- Task prompt -
Wherever pictures appear in the listing below, leave them out, and copy exactly, and only, everything from the line with "Lively Green Striped" down to the line with "Zaino Gancini in".

- Task input -

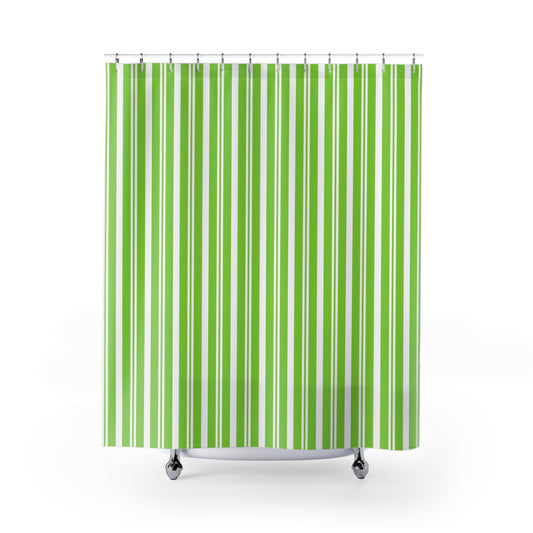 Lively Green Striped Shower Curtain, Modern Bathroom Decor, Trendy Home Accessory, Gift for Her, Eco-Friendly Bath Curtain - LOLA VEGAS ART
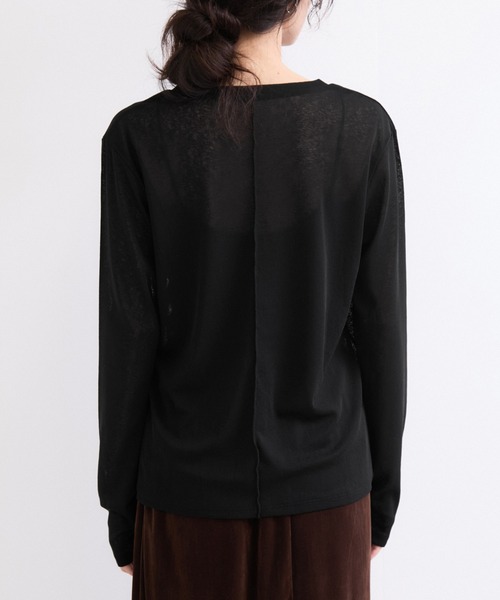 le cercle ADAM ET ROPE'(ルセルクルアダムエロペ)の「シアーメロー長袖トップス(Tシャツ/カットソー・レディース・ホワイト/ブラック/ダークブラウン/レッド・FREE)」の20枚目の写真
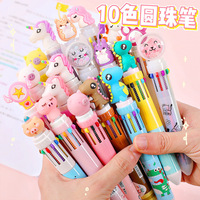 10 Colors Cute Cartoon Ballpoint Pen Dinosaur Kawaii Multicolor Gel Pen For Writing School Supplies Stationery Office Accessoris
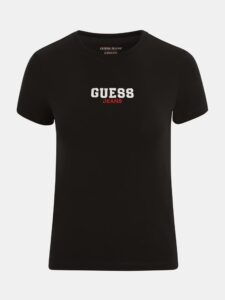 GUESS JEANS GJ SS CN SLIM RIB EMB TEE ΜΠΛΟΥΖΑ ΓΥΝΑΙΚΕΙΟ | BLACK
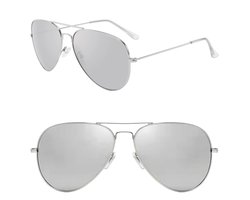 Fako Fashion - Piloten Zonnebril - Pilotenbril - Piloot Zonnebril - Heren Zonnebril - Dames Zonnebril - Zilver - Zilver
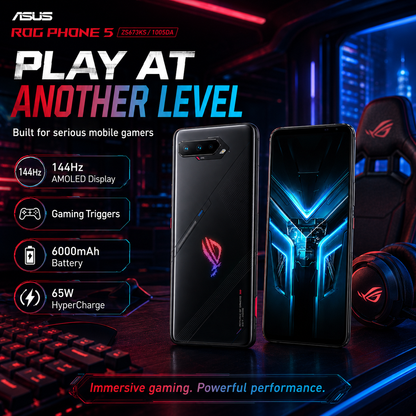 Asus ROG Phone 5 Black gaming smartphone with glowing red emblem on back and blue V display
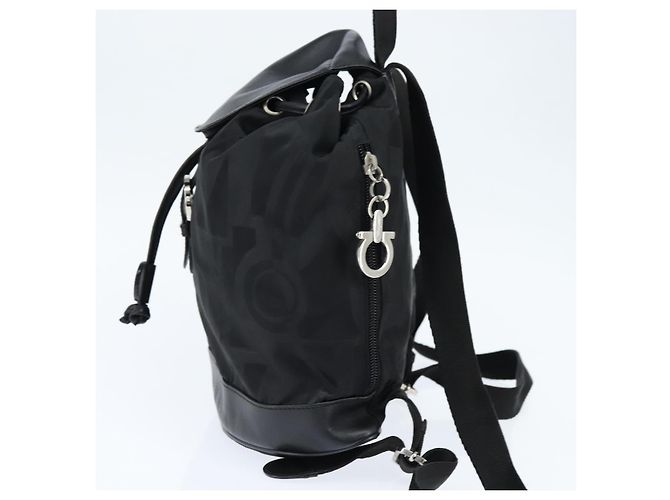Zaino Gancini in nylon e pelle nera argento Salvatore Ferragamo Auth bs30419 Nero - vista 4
==
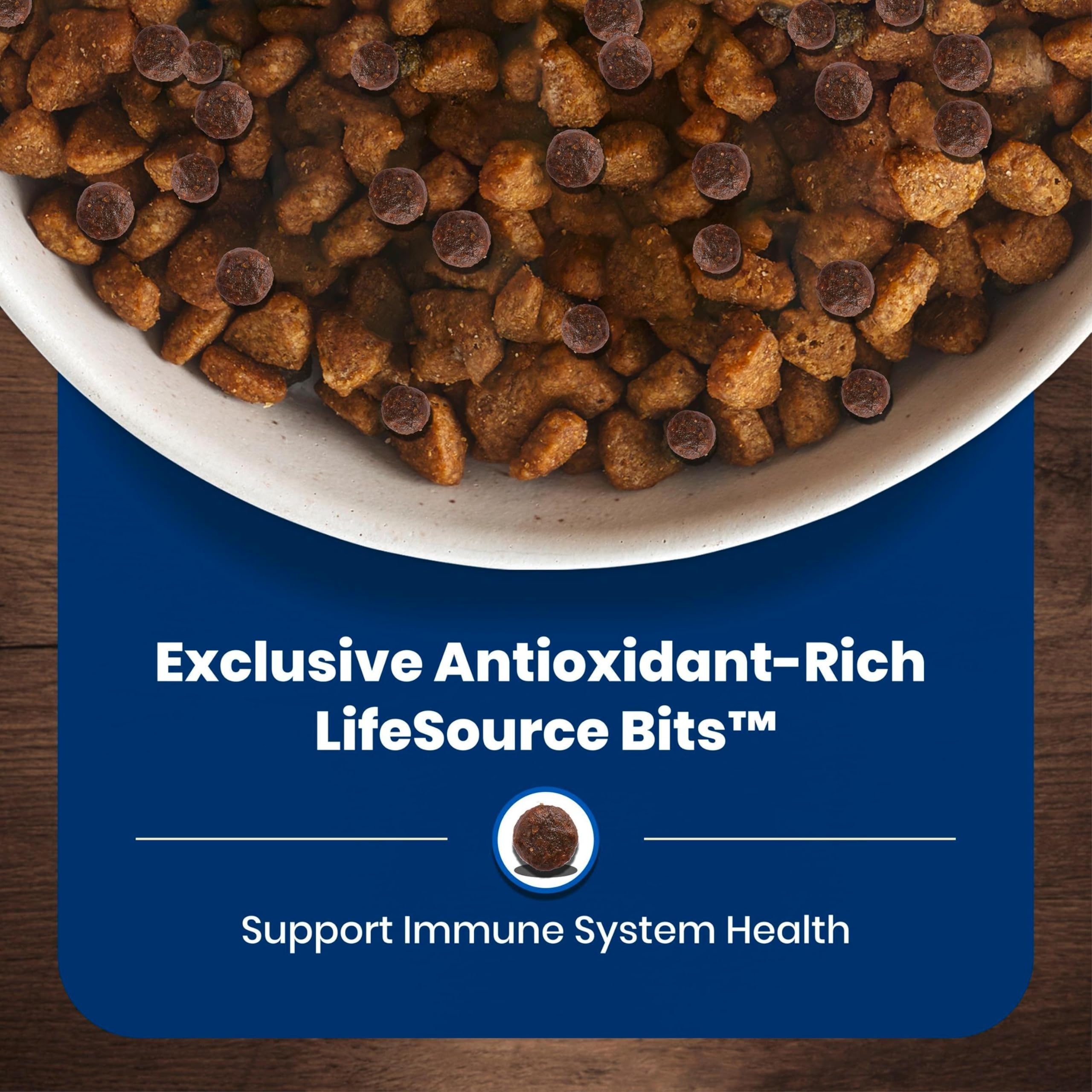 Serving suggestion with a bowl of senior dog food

- Reply to the exercise -
 Lively Green Striped Shower Curtain, Modern Bathroom Decor, Trendy Home Accessory, Gift for Her, Eco-Friendly Bath Curtain - LOLA VEGAS ART
 le cercle ADAM ET ROPE'(ルセルクルアダムエロペ)の「シアーメロー長袖トップス(Tシャツ/カットソー・レディース・ホワイト/ブラック/ダークブラウン/レッド・FREE)」の20枚目の写真
 10 Colors Cute Cartoon Ballpoint Pen Dinosaur Kawaii Multicolor Gel Pen For Writing School Supplies Stationery Office Accessoris
 GUESS JEANS GJ SS CN SLIM RIB EMB TEE ΜΠΛΟΥΖΑ ΓΥΝΑΙΚΕΙΟ | BLACK
 Fako Fashion - Piloten Zonnebril - Pilotenbril - Piloot Zonnebril - Heren Zonnebril - Dames Zonnebril - Zilver - Zilver
 Asus ROG Phone 5 Black gaming smartphone with glowing red emblem on back and blue V display
Zaino Gancini in nylon e pelle nera argento Salvatore Ferragamo Auth bs30419 Nero - vista 4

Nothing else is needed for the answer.